ECLI:NL:RBMID:2012:BZ3842
Rechtbank Middelburg
- Eerste aanleg - enkelvoudig
- Rechtspraak.nl
Eigendom en onderhoud van individueel behandelingssysteem afvalwater in relatie tot rioolheffing
In deze zaak heeft de Rechtbank Middelburg op 18 december 2012 uitspraak gedaan over de rioolheffing die aan belanghebbende was opgelegd door de gemeente Sluis. De rechtbank oordeelde dat belanghebbende, door de aankoop van zijn woning, eigenaar was geworden van het op de grond aanwezige individueel behandelingssysteem afvalwater (IBA) door natrekking. Dit betekende dat er geen zakelijk recht van opstal was gevestigd op de grond, waardoor de opstalovereenkomst tussen de gemeente en de vorige eigenaar van de woning belanghebbende niet kon binden. De rechtbank concludeerde verder dat de IBA niet kon worden aangemerkt als een gemeentelijke voorziening voor de inzameling, verwerking, zuivering of transport van afvalwater, hemelwater of grondwater, wat leidde tot de conclusie dat belanghebbende geen rioolheffing verschuldigd was.

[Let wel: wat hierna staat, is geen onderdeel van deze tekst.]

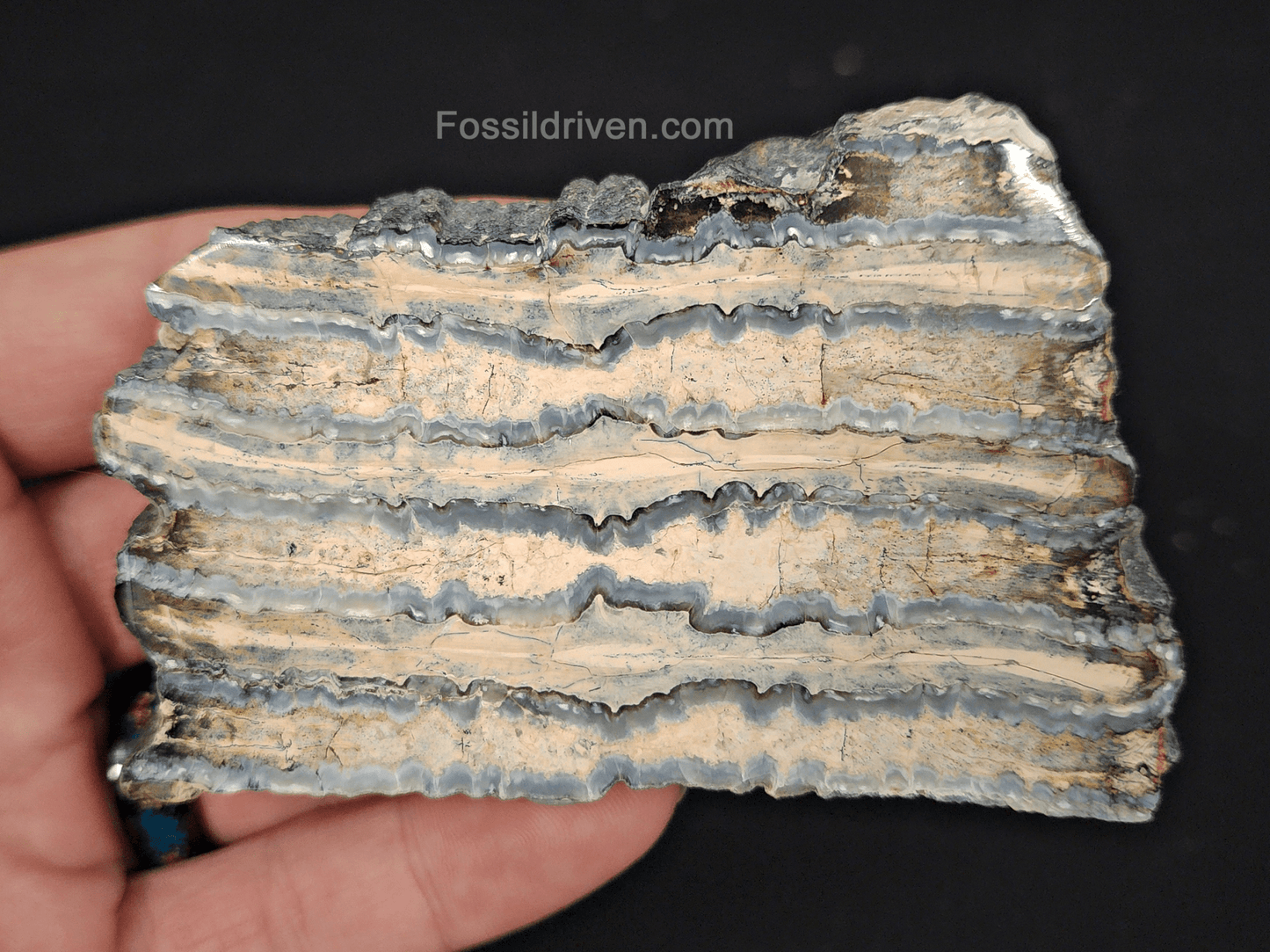 2.35" Columbian Mammoth Tooth Slice – Authentic Fossil | Fossil Driven - Fossil Driven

De rechtbank verklaarde het beroep van belanghebbende gegrond, vernietigde de uitspraak op bezwaar en de aanslag rioolheffing, en veroordeelde de heffingsambtenaar tot vergoeding van de proceskosten van belanghebbende. De uitspraak volgde op een zitting waar belanghebbende en zijn echtgenote aanwezig waren, evenals vertegenwoordigers van de heffingsambtenaar. De rechtbank benadrukte dat de overeenkomst tussen de gemeente en de vorige eigenaar geen rechtsgevolgen had voor belanghebbende, en dat de gemeente geen verplichtingen had ten aanzien van het onderhoud van de IBA. De rechtbank gaf aan dat belanghebbende geen rioolheffing verschuldigd was, omdat hij niet loost op het gemeentelijke rioleringsstelsel.
Tegen deze uitspraak staat voor partijen het recht om binnen zes weken hoger beroep in te stellen bij het gerechtshof te 's-Hertogenbosch. De rechtbank heeft de proceskosten vastgesteld op € 249,36, inclusief reiskosten en verletkosten van belanghebbende. De uitspraak is openbaar gemaakt en de griffier heeft een afschrift van de uitspraak op 27 december 2012 aan de partijen verzonden.